*Exercise:*
Copy out all of the data exactly as it appears.

*Crawled caption data:*
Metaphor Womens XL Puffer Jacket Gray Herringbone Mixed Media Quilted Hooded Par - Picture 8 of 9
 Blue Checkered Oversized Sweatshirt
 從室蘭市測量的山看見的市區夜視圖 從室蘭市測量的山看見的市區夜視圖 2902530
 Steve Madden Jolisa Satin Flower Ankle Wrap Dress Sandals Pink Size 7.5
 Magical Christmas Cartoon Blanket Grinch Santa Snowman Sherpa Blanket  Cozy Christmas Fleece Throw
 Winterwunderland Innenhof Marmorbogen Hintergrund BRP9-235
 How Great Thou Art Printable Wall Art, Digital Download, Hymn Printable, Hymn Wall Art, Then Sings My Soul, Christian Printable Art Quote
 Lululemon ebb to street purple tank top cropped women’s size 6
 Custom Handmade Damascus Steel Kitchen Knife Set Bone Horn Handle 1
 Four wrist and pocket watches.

*Solution:*
Metaphor Womens XL Puffer Jacket Gray Herringbone Mixed Media Quilted Hooded Par - Picture 8 of 9
 Blue Checkered Oversized Sweatshirt
 從室蘭市測量的山看見的市區夜視圖 從室蘭市測量的山看見的市區夜視圖 2902530
 Steve Madden Jolisa Satin Flower Ankle Wrap Dress Sandals Pink Size 7.5
 Magical Christmas Cartoon Blanket Grinch Santa Snowman Sherpa Blanket  Cozy Christmas Fleece Throw
 Winterwunderland Innenhof Marmorbogen Hintergrund BRP9-235
 How Great Thou Art Printable Wall Art, Digital Download, Hymn Printable, Hymn Wall Art, Then Sings My Soul, Christian Printable Art Quote
 Lululemon ebb to street purple tank top cropped women’s size 6
 Custom Handmade Damascus Steel Kitchen Knife Set Bone Horn Handle 1
 Four wrist and pocket watches.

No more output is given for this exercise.